Startups read resumes differently

At a large company, your resume gets scanned by an ATS and reviewed by a recruiter who’s looking for keyword matches. At a startup — especially an early-stage one — the founder or hiring manager is probably reading it directly. They’re looking for signal, not polish.

For pre-seed and seed companies

Lead with impact, not titles. Founders care about what you’ve actually built or accomplished, not that you were a “Senior Associate” somewhere. Use specific numbers: “grew user base from 0 to 10K in 6 months” beats “managed growth initiatives.”

Highlight versatility. If you’ve done cross-functional work, call it out. Startups at this stage need people who can context-switch. Mention side projects, open-source contributions, or anything that shows you build things on your own initiative.

For Series A and B companies

Balance breadth and depth. These companies want specialists who can also collaborate across teams. Show that you have deep expertise in one area but have worked with adjacent functions.

Show that you’ve operated at scale-up speed. If you’ve helped build a team, launch a product, or create a process from scratch, highlight it. These companies are looking for people who’ve navigated growth before.
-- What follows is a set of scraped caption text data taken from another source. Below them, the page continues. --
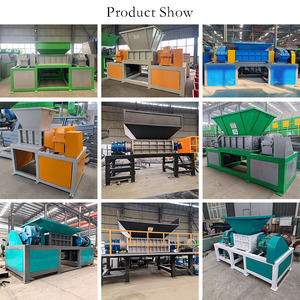 Mini Double Shaft <strong>Shredder</strong> Cheap Shredding Machine Plastic Scrap Metal <strong>Shredder</strong> Machine - Product Image 3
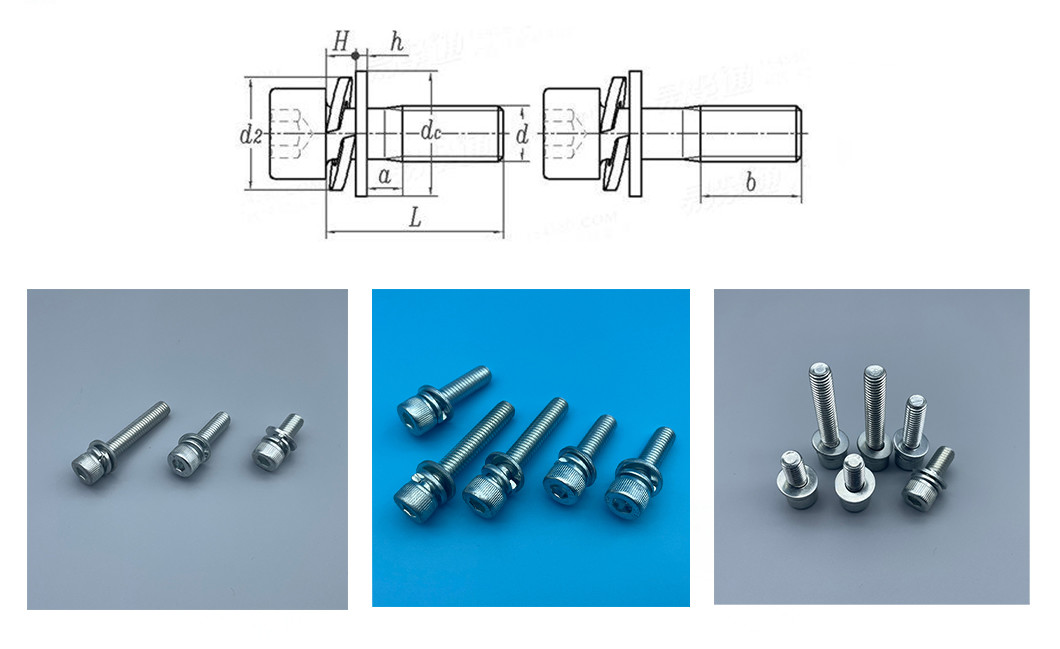 ISO 4762 M3-M8 Zinc-Coated 12.9 Grade Hex Socket Screws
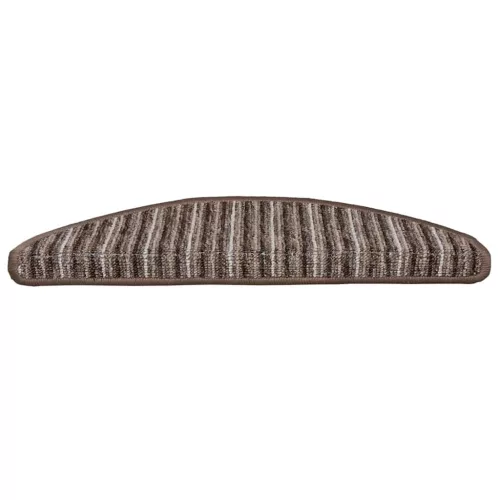  Öntapadós lépcsőszőnyegek 15 pcs Barna 56 x 17 x 3 cm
For growth-stage companies (Series C+)

This is closer to a traditional resume format. Lead with your strongest relevant experience, use clear metrics, and make sure your progression tells a story. These companies often have more structured interview processes, so your resume should clearly map to the job description.

Universal tips

Keep it to one page. Use a clean, readable format — fancy designs can backfire. Include a one-line summary at the top that positions you for the specific role. And always, always include a link to your work — whether that’s a portfolio, GitHub, writing samples, or a personal site.